[Supplied information Boundary: Start]
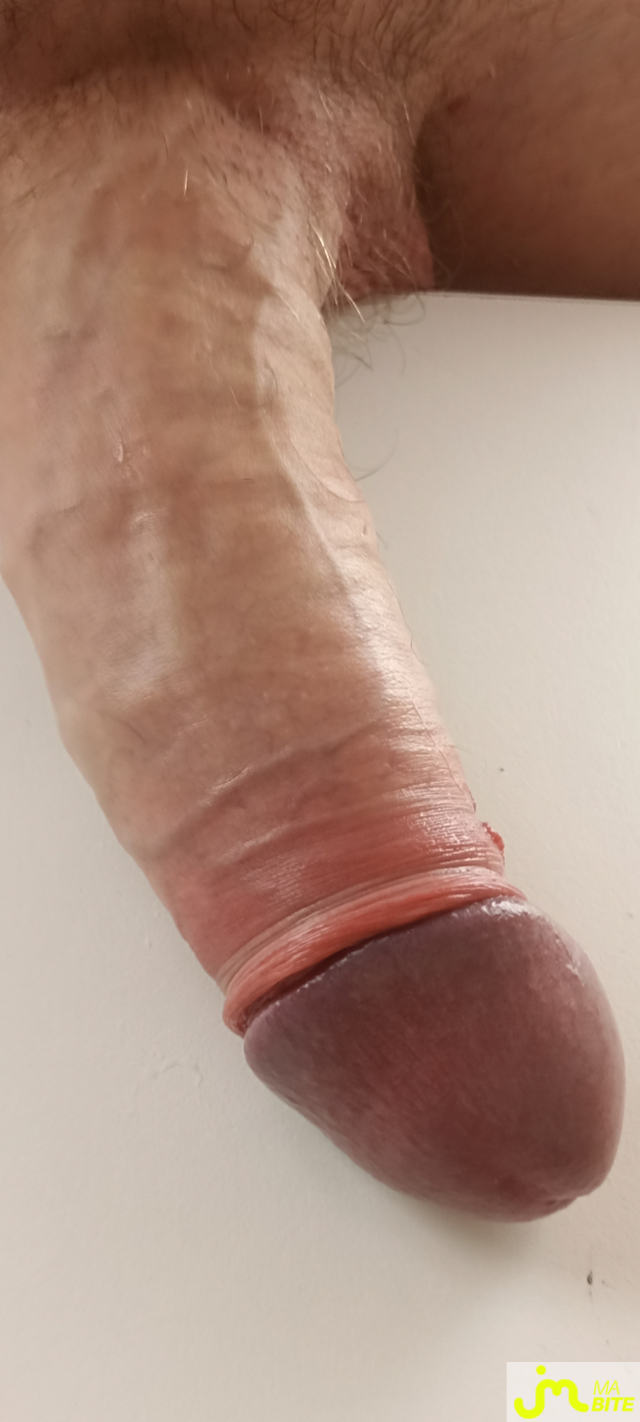 bites de C&eacute;lestyn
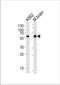 BAI1 Associated Protein 2 antibody, TA324869, Origene, Western Blot image 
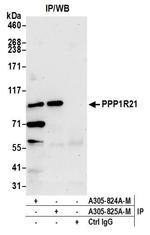 PPP1R21 Antibody in Immunoprecipitation (IP)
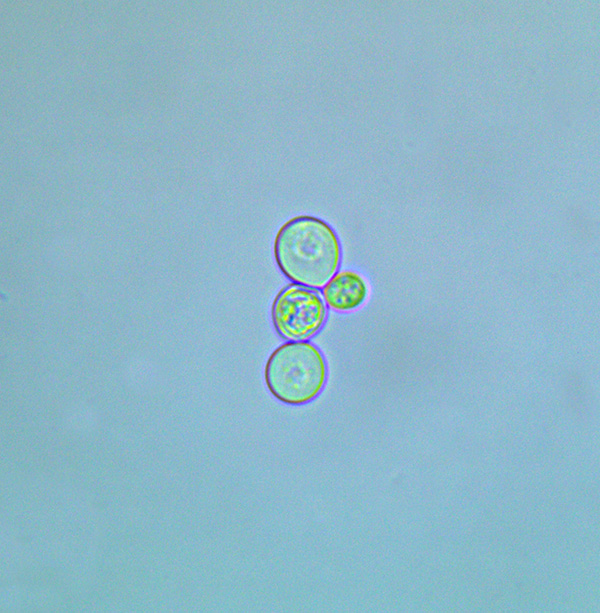 Saccharomyces cells under 1000x magnification. The two cells in the center are budding.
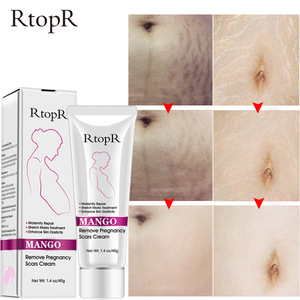 RtopR Natural Herbal Mango Anti Scar Cream Anti Wrinkle Maternity Repair Firming Fast Effective Anti Stretch Marks Cream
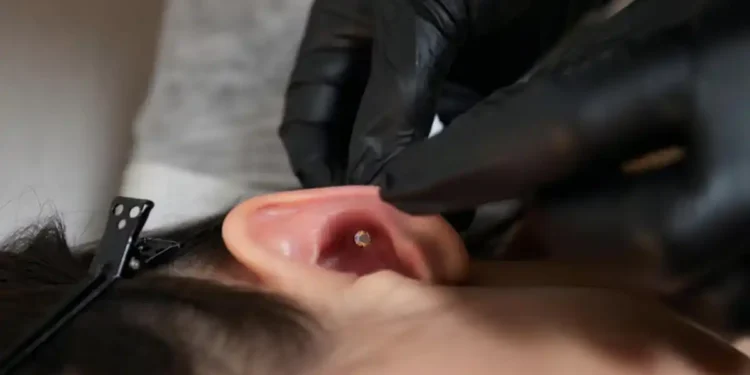 Imagem detalhada de um piercing recém-feito, com foco na área do furo e cuidados de cicatrização.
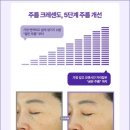 탄탄 | PDRN 세럼 탄탄 보습 후기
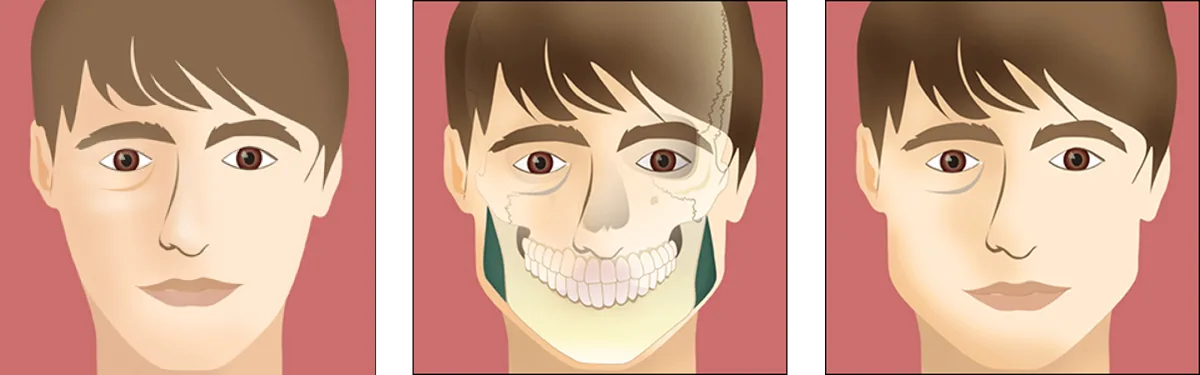 Facial implants anatomical diagram demonstrating malar cheek and mandibular angle placement
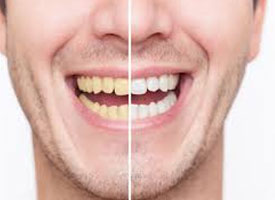 Keep Your Teeth Whiter And Avoid Staining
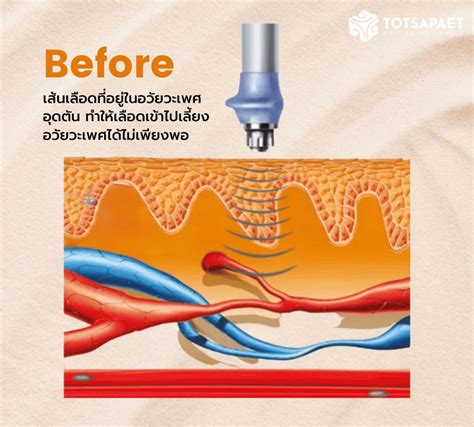 Image result for Ed Dysfunction Therapy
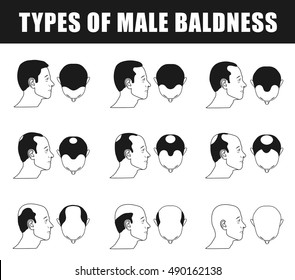 Male Pattern Baldness Images Stock Photos Vectors Shutterstock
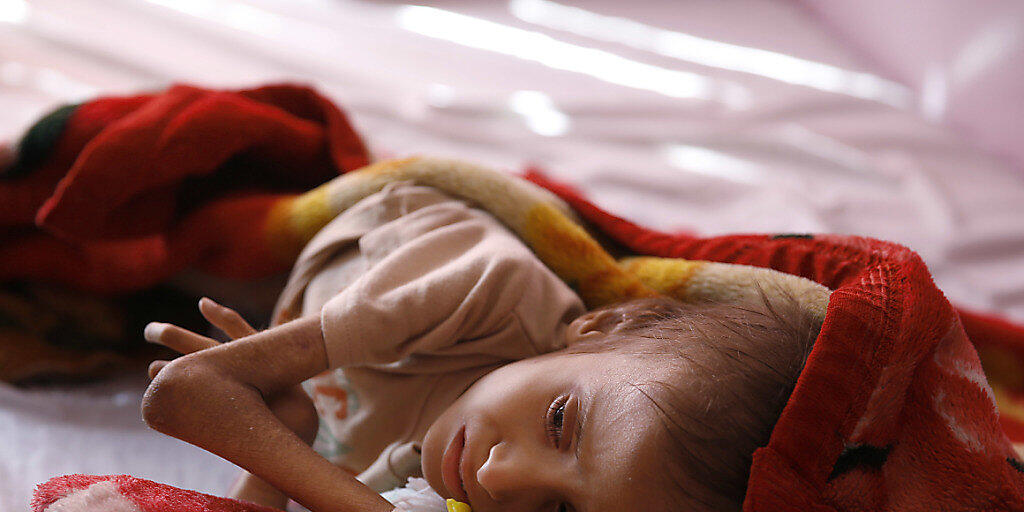 150'000 unterernährte Kinder könnten in den nächsten Monate sterben. (Archivbild)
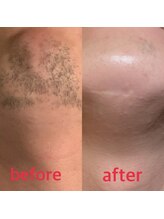 セブンスコード(7th CODE)/ヒゲ脱毛　　　Before→After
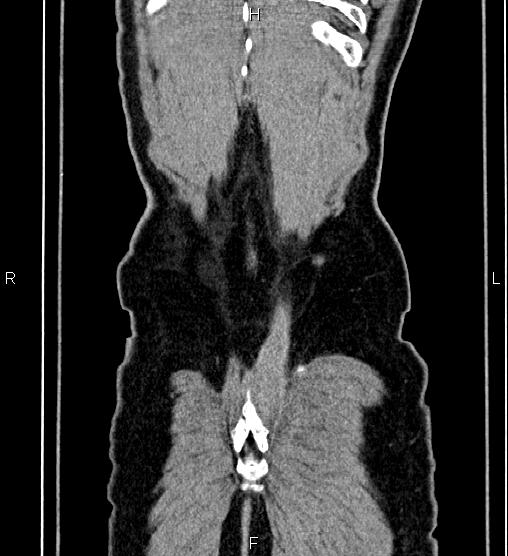 Adrenal myelolipoma (Radiopaedia 87794-104246 Coronal renal cortical phase 66).jpg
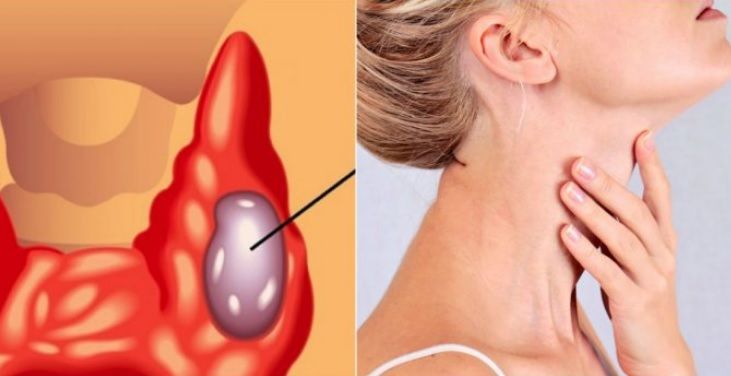 Cea mai bună gustare pentru tiroidă: un endocrinolog îţi spune ce să mănânci zilnic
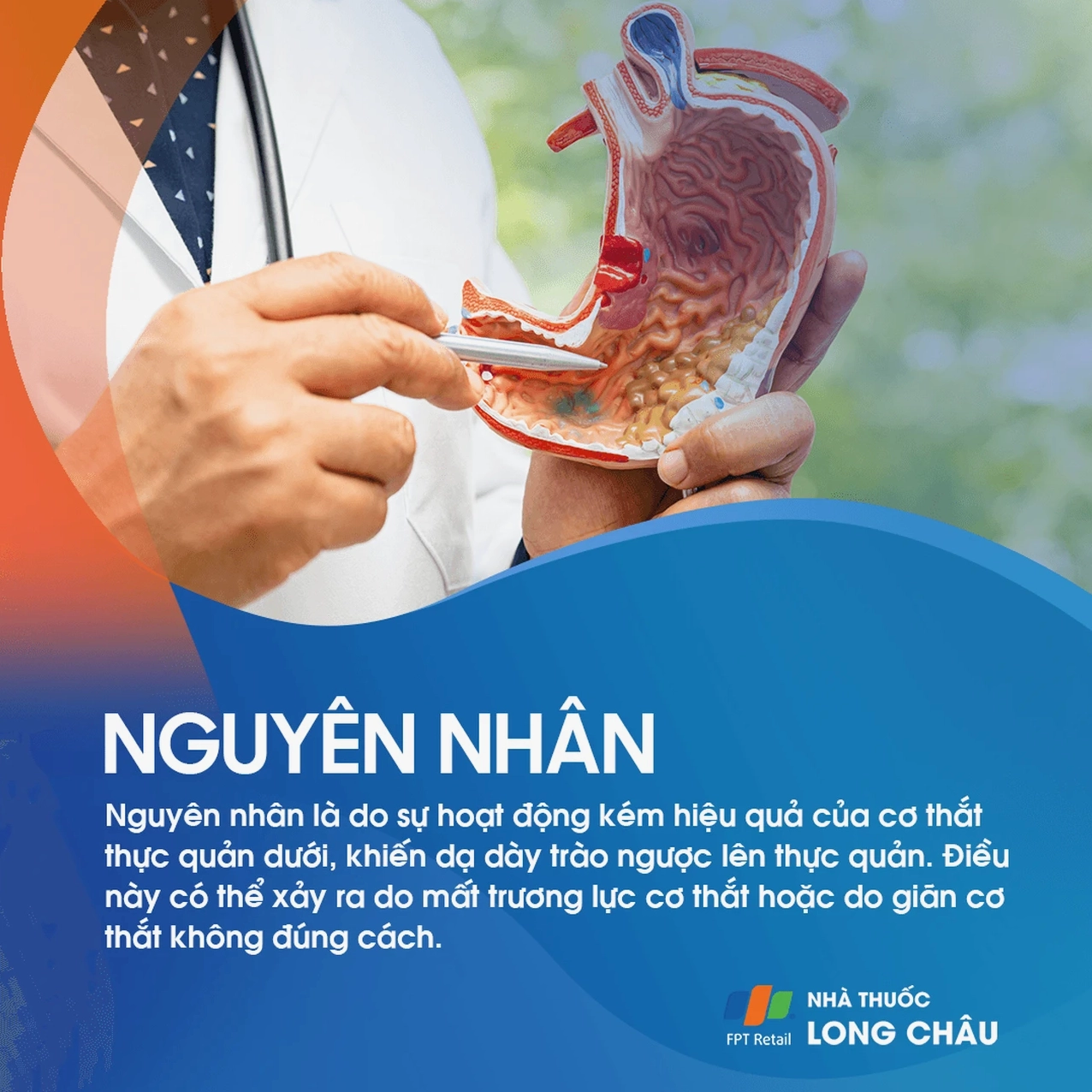 Tô màu cơ thắt thực quản yếu gây trào ngược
[Supplied information Boundary: End]
#### What is needed
Your copy must consist solely of the lines from the one containing "Adrenal myelolipoma (Radiopaedia" through the final line of the material above, transcribed exactly, with the pictures left out.

#### Solution to the exercise
 Adrenal myelolipoma (Radiopaedia 87794-104246 Coronal renal cortical phase 66).jpg
 Cea mai bună gustare pentru tiroidă: un endocrinolog îţi spune ce să mănânci zilnic
 Tô màu cơ thắt thực quản yếu gây trào ngược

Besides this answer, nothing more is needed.